Des célébrations ont éclaté, mardi 8 octobre, en fin de matinée, dans de nombreux endroits du Cachemire quand la défaite du parti de Narendra Modi fut donnée pour acquise. Les militants de la Conférence nationale, le plus ancien parti politique de la région, ont fait éclater des pétards et se sont partagé des bonbons devant les bureaux de leur parti, y compris dans la capitale, Srinagar, à l’annonce des résultats des élections régionales. Ils obtiendraient selon les premiers résultats, 47 sièges, contre 27 pour le parti Bharatiya Janata (BJP), la formation du premier ministre.
Près de 9 millions de Cachemiris ont été appelés aux urnes du 18 septembre au 1er octobre, pour la première fois depuis dix ans, pour élire leurs représentants à l’assemblée du Jammu-et-Cahemire. Ils ont clairement défié le premier ministre indien qui, le 5 août 2019, avait brutalement décidé d’abolir l’article 370 de la Constitution, conférant à la seule région de l’Inde à majorité musulmane une large autonomie et limitant l’intervention de New Delhi aux secteurs de la défense ou des communications. Narendra Modi avait également aboli l’article 35 A de la Constitution, interdisant la possession de propriétés aux non-Cachemiris. Ce coup de force fut l’acte fondateur de son second mandat.
Le Parlement régional avait été dissous, tous les leaders démocratiquement élus, arrêtés, ainsi que des milliers de personnes, journalistes, défenseurs des droits, simples citoyens. La région a été coupée du monde des mois durant, sans aucune communication. Les journalistes étrangers y restent interdits. Le Cachemire a été rétrogradé, passant du statut d’Etat doté de larges pouvoirs à celui de territoire de l’union, administré par Delhi. Il a été scindé en deux, d’un côté le Jammu et Cachemire, de l’autre le Ladakh.

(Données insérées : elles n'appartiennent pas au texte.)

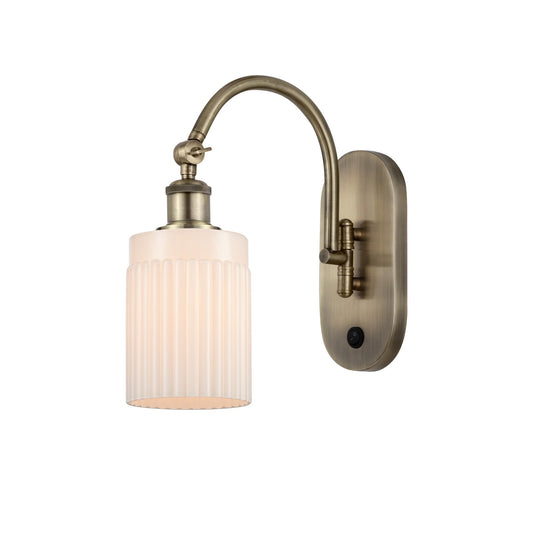Innovations Hadley 1-Light Wall Sconce | Industrial Antique Brass Steel and Matte White Ribbed Glass | Bedroom & Hallway Accent | Model 918-1W-AB-G341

Cette opération purement idéologique qui figure à l’agenda des partisans de l’hindutva, l’extrême droite hindoue, n’a eu d’autres buts que de marginaliser les musulmans, de les priver de leurs représentations et de tenter d’hindouiser cette région, en modifiant sa composition démographique.
Un gouverneur aux ordres de Delhi
La Conférence nationale, dirigée par la famille Abdullah, alliée au Parti du Congrès, devrait former le nouveau gouvernement. Son représentant, Omar Abdullah, s’est présenté aux élections avec l’objectif principal d’annuler les changements politiques et constitutionnels intervenus après la révocation de son autonomie. En aura-t-il les moyens ?
Le gouvernement régional a perdu l’essentiel de ses pouvoirs, soumis à un gouverneur sous les ordres de Delhi. Le lieutenant-gouverneur dispose d’un droit de veto lui permettant de rejeter les lois ou de s’opposer aux nominations du gouvernement régional. C’est lui qui a le dernier mot sur des questions administratives et juridiques essentielles, y compris sur les affectations et les poursuites d’officiers accusés de corruption et d’autres malversations. Mais le gouvernement, même affaibli, aura une légitimité.